Garson masayı donattı. Kasadaki kızla göz göze geldik. Bana birini hatırlatan bakışları vardı. Geçmişin, giden o yılların karanlığına doğru çekiliyor zihnim. Unuttuğum birini hatırlamam gerektiğini düşündüm. Bir yandan da kahvaltımı yapıyorum. Geç kaldığımdan dolayı mekan dolmuştu. Kalabalık yerleri pek fazla sevdiğim söylenemez. Zihnim yeterince kalabalıktı. Bir de dışarıda olan bu kalabalığa karşıyım. Her şeyim bozuldu. Kırık bir oyuncak gibiyim, bana sahip olan çocuğun beni tamir etmesini beklemekteyim. Çayım bitti, bardağı incitmeden masaya bıraktım. Keşke insanlarda birbirlerine benim bardağa davrandığım şekilde davranabilseler. Bu durumun pek mümkün olduğu söylenemez. Kasaya doğru yöneldim. Kasadaki kadınla birbirimize bakmaya başladık.

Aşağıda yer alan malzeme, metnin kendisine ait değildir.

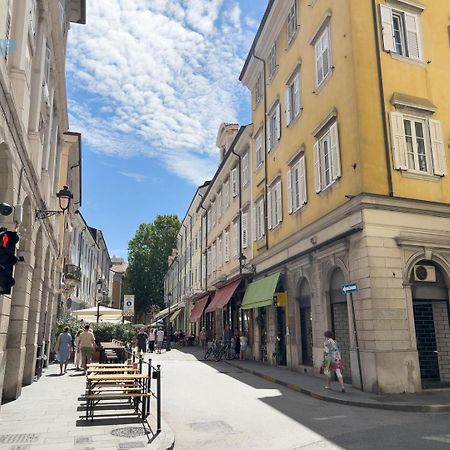 Cavana 10 Tirabora Short Rent Триест Экстерьер фото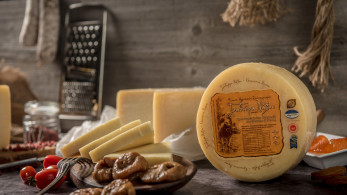 Taste Atlas: στην κορυφή του κόσμου η Γραβιέρα Νάξου ΠΟΠ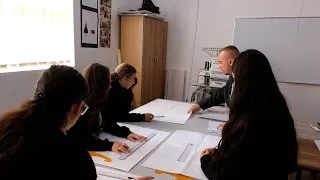Nxënësit e dizajnit në përgatitje për tregun e punës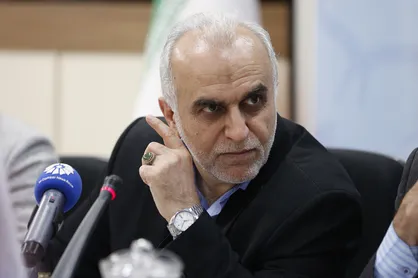 برای کوچک&zwnj;سازی دولت از هر طرف به مانع برمی&zwnj;خوریم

Bir an önce konuşup bu bakışma eylemine son vermem gerekiyor.


- Borcum ne kadar ?


- Bırak şimdi borcunun ne kadar olduğunu kızı baştan aşağı süzdün. Sen ne aşağılık bir adam oldun böyle. Hayatımda birlikte olduğum en aşağılık adamsın.


- Seninle şimdi burada konuşamam. Birazdan dışarıda konuşalım bu konuyu.


- Efendim bir sorun mu var?


- Hayır, borcumun ne kadar olduğunu söylemeni istiyorum.


- 179 dolar.


- Üstü kalsın.


Hemen dışarı çıkmam gerekiyordu. Her şeyle uğraştığım yetmiyor gibi kafamın içinde beliren bu kadınla mücadele etmem canımı sıkıyordu. Kendimi dışarı attım. Arabamı sürmeye başladım. Gideceğim yer belliydi. Biraz geciksem bile sorun olmayacağını düşünüyorum.


- Ben mi senin canını sıkıyorum? Beni bir kenara bırakıp hayatına devam etmeni söylemiştim. Beni dinlemedin. Beni kafanın içine sen yerleştirdin.


- Benimle derdin ne ?


- Benim senden başka bir derdim var mı Max? Benim derdim sensin, senin derdin benim. Kıza niye öyle baktın? Sana beni mi hatırlattı?


- Sigara yakmama izin vermeni istiyorum.


- Sigara mı? Sen böyle bir zihinle her gün kendini mahvediyorsun.


- Uzatmanı istemiyorum.


- Hep böyle oldun zaten. Sana yaklaşan her şeyi geride bıraktın. Beni geride bıraktın. Arkadaşlarını, insanları, hayatını, kendini...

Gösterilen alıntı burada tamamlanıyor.